Citing “prejudicial” and “inflammatory” media coverage as the reason, the attorneys for Amber Guyger, the former Dallas police officer who killed PwC accountant Botham Jean in his apartment last September, recently filed a change of venue motion to move her murder trial out of Dallas County, saying she can’t get a fair trial there.

But c’mon, the REAL reason, as the Dallas Morning News points out, is they want the trial to be held where the rednecks are so their white client will have a puncher’s chance of not being convicted of murder in the death of an unarmed black man.

[T]he populations of the six counties that her attorneys suggest as alternatives are less diverse and more suburban and rural.

That shift could affect the outcome of the trial and make a jury less likely to convict Guyger, said Patrick Bayer, a Duke economics professor who has studied links between the racial makeup of juries and trial outcomes. He found that less diversity in the jury room does a disservice to justice.

“If you move a trial from a more racially and ethnically diverse community, you’re going to increase the chance for acquittal, which is why they are making the motion in the first place,” said Bayer. “The legal argument, of course, is pretrial publicity.”

But you don’t have to be a Duke economics professor to figure out that Guyger has a better chance at freedom if the trial is moved to a county where Toby Keith music blares out of car stereos and Dale Earnhardt “3” flags are seen just as much as American flags.

According to the Dallas Morning News, Dallas County’s population was 29% white in 2017, the most recent estimate available, and voted primarily Democrat in the past three presidential elections. But the six counties where the defense is recommending the trial be moved to—Collin, Ellis, Fannin, Grayson, Kaufman, and Rockwall—are predominately white and Republican.

For example, Grayson and Fannin counties have the least diverse populations with white majorities of 76% and 78%, respectively, while the other four counties have white majorities between 58% and 72%.

The Dallas Morning News also cited a 2016 survey by the Cato Institute which found that Republicans have a more favorable view of police (81%) than Democrats (59%) and independents (59%), although none of the three political groups were found to be anti-cop.

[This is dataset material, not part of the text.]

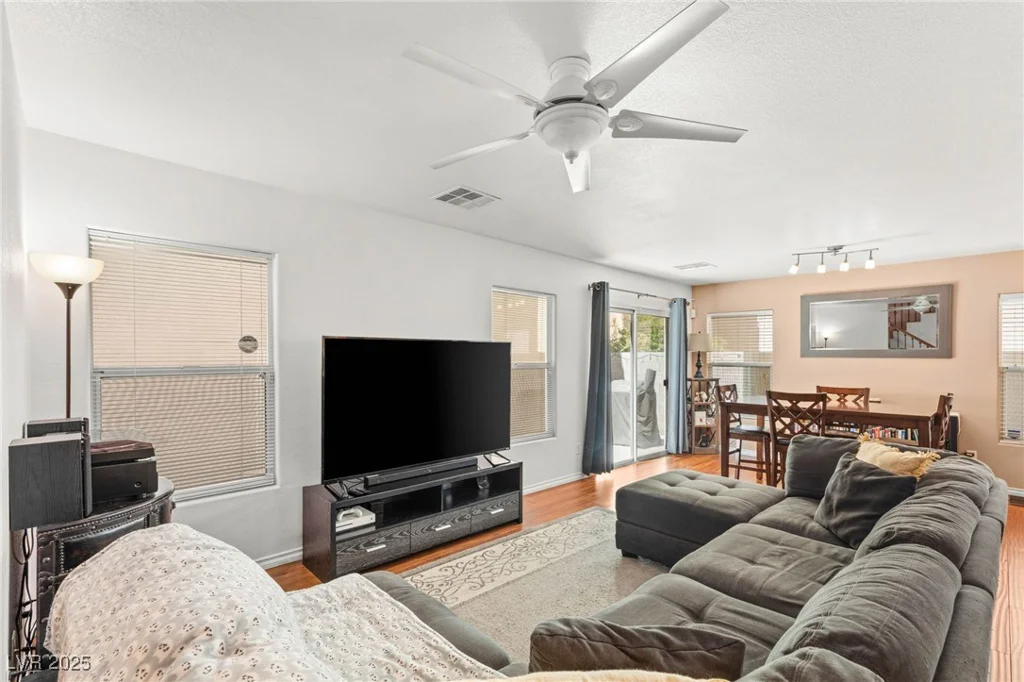 10253 Martinsburg, Las Vegas, NV 89183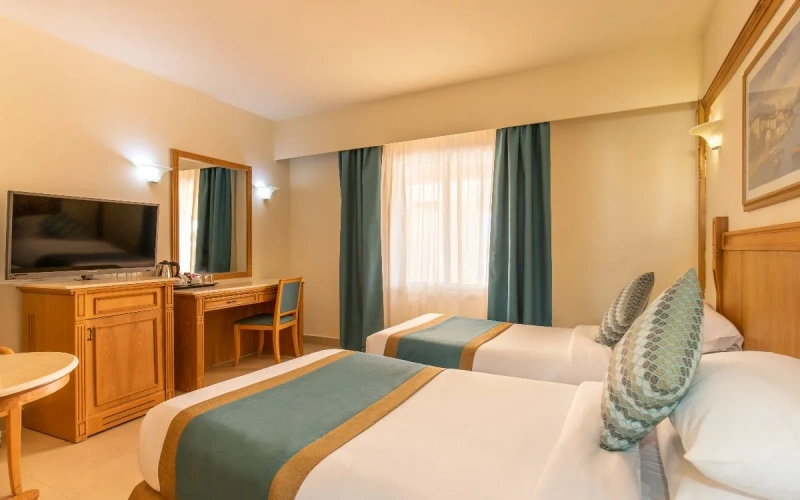 Superior Quadruple Family Suite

We still don’t know when State District Judge Tammy Kemp will rule on the motion to change the trial’s venue. She could choose to hold a hearing or make a decision without hearing arguments, according to the Dallas Morning News.

But the likelihood that the change of venue request will be granted is pretty small, as the recent murder trials of two other Dallas County police officers who are now serving jail time were held in that county.

Jury selection in Guyger’s murder trial is scheduled to begin on Sept. 6, the one-year anniversary of when Guyger came home to the South Side Flats apartment complex after a shift just before 10 p.m., still in uniform, went to Jean’s apartment on the fourth floor believing it was hers (she lived on the third floor one unit directly below Jean), opened the front door which was ajar, saw Jean who was watching a football game on his couch and thought he was an intruder, and fatally shot the PwC Dallas accountant in the chest.

In the 911 call she made after shooting Jean, Guyger repeatedly told the dispatcher that she thought she had entered her apartment, not Jean’s, and that she was going to lose her job.

Guyger did get fired from her job on Sept. 24, about two weeks after she was arrested and charged with manslaughter in Jean’s death. Guyger had worked for the Dallas Police Department for nearly five years.

After two days of hearing evidence in late November, a Dallas County grand jury on Nov. 30 upgraded Guyger’s charge from manslaughter to murder. She turned herself in to authorities that afternoon and was released on $200,000 bond.

Her murder trial is expected to begin on Sept. 23.